Enter the purchase price, current monthly profit, and an expected annual growth rate. The calculator models payback, IRR, and year-by-year cash flows assuming you sell at the end of year 3 at the same monthly multiple you paid.
Acquisition payback and IRR calculator inputs and results
Year-by-year cash flows
| Year | Annual profit | Cumul. earnings |
|---|
Sale proceeds assume exit at the same monthly multiple as the purchase price.
How this calculator works
Payback period is computed month by month: each month's profit grows from the current monthly figure at the entered annual growth rate, and the running total is compared to the purchase price. The month where cumulative earnings first exceed the purchase price is the payback period. This is an undiscounted measure — it doesn't account for the time value of money, but it captures the most intuitive risk question: how long until I've earned my money back?
The 3-year IRR is solved from four cash flows: the purchase price as a negative outflow today, annual profits in years 1, 2, and 3, and an estimated exit price at the end of year 3. The exit is modelled at the same monthly multiple as the entry price — if the business has grown, the absolute exit price will be higher. IRR is the discount rate that makes the net present value of those four flows equal to zero.
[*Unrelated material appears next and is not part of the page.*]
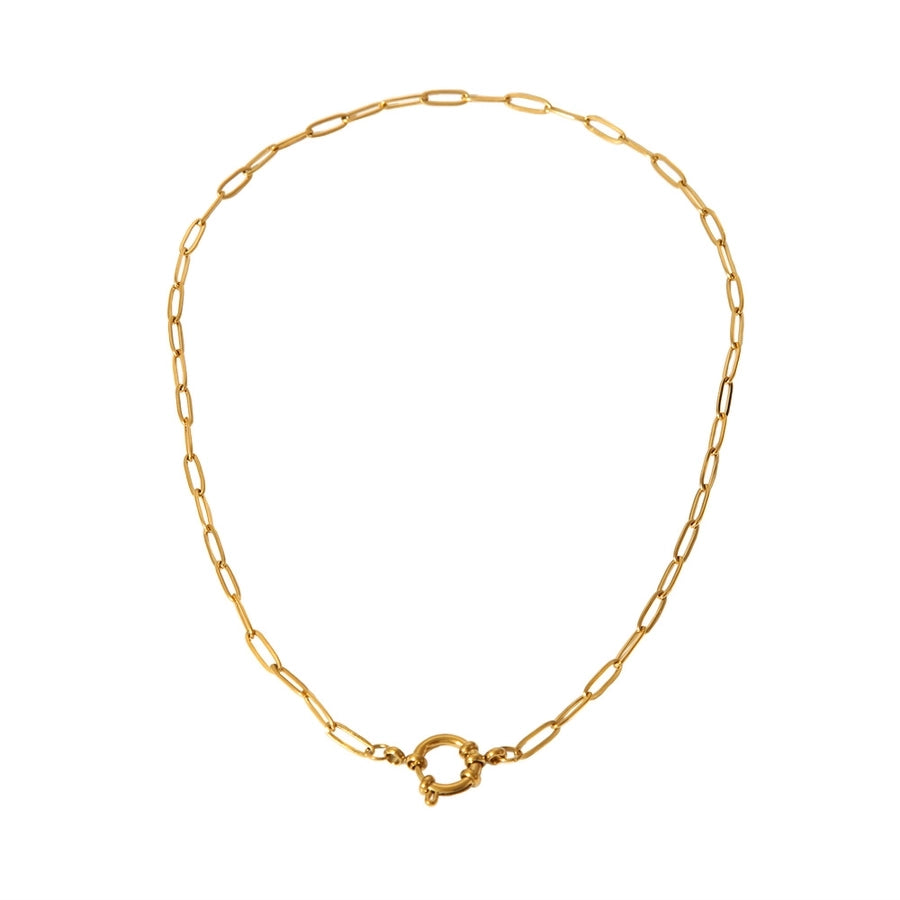 Jewelry IG Style Solid Color Titanium Steel 18K Gold Plated Irregular Stainless Steel Necklaces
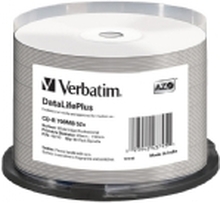 Verbatim DataLifePlus - 50 x CD-R - 700 MB 52x - hvit - blekkstråleskrivbar overflate, bred skrivbar overflate - spindel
Use the SDE valuation calculator to estimate a fair purchase price before running this model.
About this tool
This tool models the return on buying an online business. Inputs: purchase price, current monthly net profit, and expected annual growth rate. Outputs: implied purchase multiple, payback period in months, 3-year IRR (assuming a sale at the same monthly multiple), and a year-by-year cash flow table showing annual profits and cumulative earnings.
Frequently asked questions
What does payback period measure?
Payback period is the number of months until cumulative profits from the business equal the purchase price — in other words, when you've earned back what you paid. It's an undiscounted measure that ignores time value of money, but it's how most buyers intuitively think about risk. Most experienced buyers target under 36–48 months; beyond 60 months the deal requires high confidence in growth to justify the risk.
How is the 3-year IRR calculated?
The IRR is solved from four cash flows: the purchase price as a negative outflow at year 0, annual profits in years 1, 2, and 3 (growing at the entered rate), and an estimated sale price at the end of year 3. The sale price assumes you exit at the same monthly multiple you paid — so if the business has grown, the absolute price is higher. If you expect multiple expansion at exit, the actual IRR will be better than shown.
What is a monthly multiple?
The monthly multiple is purchase price divided by current monthly net profit. It's the standard metric used by online business brokers and marketplaces — a $400,000 business earning $8,000/month trades at a 50× monthly multiple (roughly 4.2× annual). Typical ranges: 30–50× for stable content and ecommerce, 40–70× for growing SaaS.
Why does growth rate have such a large effect on IRR?
Growth compounds in two ways simultaneously. It increases the annual profits you receive each year, and it increases the terminal value when you sell — because you're selling at the same multiple on a higher earnings base. Even a modest 10–15% annual growth rate dramatically improves IRR because the terminal value is a large share of total return in any business acquisition.